=== Information shown ===
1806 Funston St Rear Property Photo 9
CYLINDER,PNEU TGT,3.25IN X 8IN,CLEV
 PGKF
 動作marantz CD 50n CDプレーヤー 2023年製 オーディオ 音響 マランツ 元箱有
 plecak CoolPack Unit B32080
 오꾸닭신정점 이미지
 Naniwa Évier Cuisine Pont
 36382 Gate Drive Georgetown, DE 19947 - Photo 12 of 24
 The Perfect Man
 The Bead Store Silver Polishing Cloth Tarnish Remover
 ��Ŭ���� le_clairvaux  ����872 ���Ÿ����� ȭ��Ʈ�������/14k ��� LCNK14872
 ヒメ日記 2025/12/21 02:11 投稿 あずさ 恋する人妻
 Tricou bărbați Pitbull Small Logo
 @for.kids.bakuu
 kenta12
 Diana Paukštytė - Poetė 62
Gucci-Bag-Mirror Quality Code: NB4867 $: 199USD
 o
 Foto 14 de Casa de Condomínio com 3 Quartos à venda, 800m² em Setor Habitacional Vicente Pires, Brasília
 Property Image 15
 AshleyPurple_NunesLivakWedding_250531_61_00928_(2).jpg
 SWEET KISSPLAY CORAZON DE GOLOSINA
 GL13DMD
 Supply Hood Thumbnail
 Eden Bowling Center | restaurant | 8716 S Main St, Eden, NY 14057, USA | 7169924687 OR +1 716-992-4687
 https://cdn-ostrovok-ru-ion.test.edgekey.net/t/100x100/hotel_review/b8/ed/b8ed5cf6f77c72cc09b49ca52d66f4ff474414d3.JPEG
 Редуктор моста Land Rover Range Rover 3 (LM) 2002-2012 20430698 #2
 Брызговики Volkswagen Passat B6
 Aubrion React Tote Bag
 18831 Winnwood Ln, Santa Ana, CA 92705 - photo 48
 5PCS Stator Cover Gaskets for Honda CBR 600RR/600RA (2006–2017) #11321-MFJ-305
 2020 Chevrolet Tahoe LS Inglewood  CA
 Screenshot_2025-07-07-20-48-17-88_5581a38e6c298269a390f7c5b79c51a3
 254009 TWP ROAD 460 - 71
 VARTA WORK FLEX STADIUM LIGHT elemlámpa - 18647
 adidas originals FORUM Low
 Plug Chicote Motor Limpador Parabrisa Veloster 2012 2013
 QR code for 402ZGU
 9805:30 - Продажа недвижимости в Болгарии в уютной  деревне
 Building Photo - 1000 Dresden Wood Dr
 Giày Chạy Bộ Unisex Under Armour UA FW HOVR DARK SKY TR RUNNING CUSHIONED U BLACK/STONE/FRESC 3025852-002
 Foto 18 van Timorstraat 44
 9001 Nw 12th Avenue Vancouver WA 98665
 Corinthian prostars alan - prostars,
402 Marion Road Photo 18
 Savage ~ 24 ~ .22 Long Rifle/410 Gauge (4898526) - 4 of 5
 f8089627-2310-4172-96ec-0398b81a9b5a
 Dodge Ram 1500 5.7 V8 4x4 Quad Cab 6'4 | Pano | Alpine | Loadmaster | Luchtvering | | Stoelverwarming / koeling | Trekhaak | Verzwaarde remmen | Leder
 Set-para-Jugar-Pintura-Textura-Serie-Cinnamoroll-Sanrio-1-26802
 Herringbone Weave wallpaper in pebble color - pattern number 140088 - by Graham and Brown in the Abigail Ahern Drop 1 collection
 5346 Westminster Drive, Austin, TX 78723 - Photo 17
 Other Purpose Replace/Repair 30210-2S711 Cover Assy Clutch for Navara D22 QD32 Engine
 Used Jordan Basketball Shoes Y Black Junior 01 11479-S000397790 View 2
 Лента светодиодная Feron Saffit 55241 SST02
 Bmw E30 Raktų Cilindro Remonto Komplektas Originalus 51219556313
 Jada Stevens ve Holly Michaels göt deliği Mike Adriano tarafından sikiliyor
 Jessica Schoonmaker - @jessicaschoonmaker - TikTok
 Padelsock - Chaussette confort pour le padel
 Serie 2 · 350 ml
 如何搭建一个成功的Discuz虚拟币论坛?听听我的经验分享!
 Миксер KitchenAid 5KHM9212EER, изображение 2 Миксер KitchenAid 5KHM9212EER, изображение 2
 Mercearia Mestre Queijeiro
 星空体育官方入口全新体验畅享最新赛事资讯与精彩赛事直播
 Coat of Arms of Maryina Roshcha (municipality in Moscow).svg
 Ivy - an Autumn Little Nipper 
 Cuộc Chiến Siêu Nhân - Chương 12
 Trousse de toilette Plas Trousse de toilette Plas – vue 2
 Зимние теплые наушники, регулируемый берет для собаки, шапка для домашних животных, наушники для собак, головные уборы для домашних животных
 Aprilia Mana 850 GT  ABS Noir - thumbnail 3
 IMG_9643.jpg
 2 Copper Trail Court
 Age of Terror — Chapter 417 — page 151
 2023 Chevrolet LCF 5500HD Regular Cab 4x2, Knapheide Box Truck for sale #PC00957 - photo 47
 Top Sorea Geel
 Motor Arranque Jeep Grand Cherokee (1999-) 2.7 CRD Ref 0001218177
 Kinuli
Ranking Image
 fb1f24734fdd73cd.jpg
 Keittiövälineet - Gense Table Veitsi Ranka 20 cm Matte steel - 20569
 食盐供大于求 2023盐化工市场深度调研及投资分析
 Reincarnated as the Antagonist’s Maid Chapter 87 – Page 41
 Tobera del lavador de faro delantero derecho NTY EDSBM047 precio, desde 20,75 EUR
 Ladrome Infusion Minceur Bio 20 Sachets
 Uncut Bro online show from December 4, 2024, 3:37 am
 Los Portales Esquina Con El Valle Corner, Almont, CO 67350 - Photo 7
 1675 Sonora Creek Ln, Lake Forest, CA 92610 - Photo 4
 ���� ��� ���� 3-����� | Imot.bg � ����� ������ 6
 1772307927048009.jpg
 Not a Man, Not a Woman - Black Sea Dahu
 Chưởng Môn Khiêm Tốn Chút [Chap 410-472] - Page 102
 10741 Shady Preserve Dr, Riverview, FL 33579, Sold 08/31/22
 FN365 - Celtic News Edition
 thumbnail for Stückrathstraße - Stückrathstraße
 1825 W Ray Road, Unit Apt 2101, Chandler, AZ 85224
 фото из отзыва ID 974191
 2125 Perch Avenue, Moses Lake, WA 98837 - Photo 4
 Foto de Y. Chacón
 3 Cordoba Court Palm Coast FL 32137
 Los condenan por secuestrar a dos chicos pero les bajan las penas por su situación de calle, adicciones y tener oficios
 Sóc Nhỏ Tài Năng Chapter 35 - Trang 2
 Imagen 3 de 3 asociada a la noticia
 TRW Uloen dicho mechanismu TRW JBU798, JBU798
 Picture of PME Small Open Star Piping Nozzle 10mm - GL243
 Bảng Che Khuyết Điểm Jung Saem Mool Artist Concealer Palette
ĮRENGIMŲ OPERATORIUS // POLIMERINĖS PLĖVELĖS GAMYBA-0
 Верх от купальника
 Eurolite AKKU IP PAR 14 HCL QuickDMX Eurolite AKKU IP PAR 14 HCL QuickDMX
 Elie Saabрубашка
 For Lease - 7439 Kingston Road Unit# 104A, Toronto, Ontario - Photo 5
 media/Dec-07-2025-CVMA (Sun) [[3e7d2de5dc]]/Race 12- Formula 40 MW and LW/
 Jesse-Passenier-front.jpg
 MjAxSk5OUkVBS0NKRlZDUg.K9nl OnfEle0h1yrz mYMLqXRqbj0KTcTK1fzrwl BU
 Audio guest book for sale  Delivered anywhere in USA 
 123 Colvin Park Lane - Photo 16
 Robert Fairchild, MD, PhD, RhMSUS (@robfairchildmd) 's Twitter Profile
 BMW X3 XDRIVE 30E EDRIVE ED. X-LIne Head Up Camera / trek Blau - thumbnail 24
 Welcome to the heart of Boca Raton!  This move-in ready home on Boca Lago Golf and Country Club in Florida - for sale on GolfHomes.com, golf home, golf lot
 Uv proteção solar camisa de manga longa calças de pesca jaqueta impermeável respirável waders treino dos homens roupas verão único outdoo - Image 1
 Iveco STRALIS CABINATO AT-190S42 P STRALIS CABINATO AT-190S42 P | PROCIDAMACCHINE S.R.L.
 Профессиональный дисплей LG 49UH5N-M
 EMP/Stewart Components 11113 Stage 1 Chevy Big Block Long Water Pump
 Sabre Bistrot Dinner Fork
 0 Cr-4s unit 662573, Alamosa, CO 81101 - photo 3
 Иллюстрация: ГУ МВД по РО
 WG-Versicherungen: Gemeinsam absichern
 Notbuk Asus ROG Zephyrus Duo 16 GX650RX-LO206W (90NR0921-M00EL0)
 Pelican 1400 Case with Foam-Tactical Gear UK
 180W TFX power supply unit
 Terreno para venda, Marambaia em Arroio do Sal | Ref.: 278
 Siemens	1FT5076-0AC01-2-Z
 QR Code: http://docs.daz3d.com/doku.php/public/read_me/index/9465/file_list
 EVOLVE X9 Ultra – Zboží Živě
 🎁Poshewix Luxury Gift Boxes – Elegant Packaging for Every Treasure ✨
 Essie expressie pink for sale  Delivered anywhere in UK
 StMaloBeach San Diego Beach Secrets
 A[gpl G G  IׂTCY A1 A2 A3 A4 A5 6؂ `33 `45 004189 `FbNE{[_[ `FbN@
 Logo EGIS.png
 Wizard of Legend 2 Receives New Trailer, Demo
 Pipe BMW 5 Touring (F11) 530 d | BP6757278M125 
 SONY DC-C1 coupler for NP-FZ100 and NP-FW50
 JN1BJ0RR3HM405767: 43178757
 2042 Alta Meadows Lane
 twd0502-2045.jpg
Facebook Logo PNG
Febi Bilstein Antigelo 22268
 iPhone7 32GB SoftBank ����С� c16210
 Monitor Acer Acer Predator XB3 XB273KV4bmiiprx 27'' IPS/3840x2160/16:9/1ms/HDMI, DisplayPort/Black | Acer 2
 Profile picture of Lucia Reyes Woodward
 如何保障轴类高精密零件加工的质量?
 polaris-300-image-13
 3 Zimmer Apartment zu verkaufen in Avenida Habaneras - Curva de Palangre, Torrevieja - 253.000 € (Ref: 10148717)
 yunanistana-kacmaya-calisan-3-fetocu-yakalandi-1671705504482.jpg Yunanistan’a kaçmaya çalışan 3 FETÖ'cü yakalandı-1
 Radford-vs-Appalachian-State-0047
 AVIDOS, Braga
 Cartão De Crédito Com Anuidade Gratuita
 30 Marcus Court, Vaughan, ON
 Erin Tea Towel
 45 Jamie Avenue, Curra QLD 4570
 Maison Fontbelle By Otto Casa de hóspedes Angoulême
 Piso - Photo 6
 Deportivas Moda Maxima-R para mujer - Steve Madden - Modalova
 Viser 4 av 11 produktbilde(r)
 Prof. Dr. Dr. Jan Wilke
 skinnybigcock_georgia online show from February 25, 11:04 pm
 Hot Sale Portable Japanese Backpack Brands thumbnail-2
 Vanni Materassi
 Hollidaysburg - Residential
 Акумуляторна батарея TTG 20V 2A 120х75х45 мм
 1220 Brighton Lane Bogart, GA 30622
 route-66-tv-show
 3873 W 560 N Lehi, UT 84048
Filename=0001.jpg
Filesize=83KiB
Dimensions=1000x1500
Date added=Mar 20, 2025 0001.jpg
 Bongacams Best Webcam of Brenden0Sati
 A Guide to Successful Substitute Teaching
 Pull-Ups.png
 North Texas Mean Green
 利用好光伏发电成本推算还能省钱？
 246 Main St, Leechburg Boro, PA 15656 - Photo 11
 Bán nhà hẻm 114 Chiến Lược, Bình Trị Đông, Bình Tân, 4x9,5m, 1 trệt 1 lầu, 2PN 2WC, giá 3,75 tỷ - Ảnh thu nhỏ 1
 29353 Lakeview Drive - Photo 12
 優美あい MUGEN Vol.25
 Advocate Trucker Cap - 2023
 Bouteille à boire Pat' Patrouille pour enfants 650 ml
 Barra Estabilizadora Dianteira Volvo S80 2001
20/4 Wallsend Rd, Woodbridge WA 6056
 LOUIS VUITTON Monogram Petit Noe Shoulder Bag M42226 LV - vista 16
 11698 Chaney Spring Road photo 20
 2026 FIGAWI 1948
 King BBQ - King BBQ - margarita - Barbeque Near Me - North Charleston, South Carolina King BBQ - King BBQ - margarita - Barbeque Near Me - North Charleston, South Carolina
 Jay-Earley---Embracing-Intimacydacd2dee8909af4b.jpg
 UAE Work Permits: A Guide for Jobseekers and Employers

=== Task to complete ===
Among the entries above, locate the lines containing "Not a Man, Not a Woman - Black Sea Dahu" and "3 Cordoba Court Palm Coast FL 32137", and transcribe exactly those two lines and all lines between.

=== Result for this exercise ===
 Not a Man, Not a Woman - Black Sea Dahu
 Chưởng Môn Khiêm Tốn Chút [Chap 410-472] - Page 102
 10741 Shady Preserve Dr, Riverview, FL 33579, Sold 08/31/22
 FN365 - Celtic News Edition
 thumbnail for Stückrathstraße - Stückrathstraße
 1825 W Ray Road, Unit Apt 2101, Chandler, AZ 85224
 фото из отзыва ID 974191
 2125 Perch Avenue, Moses Lake, WA 98837 - Photo 4
 Foto de Y. Chacón
 3 Cordoba Court Palm Coast FL 32137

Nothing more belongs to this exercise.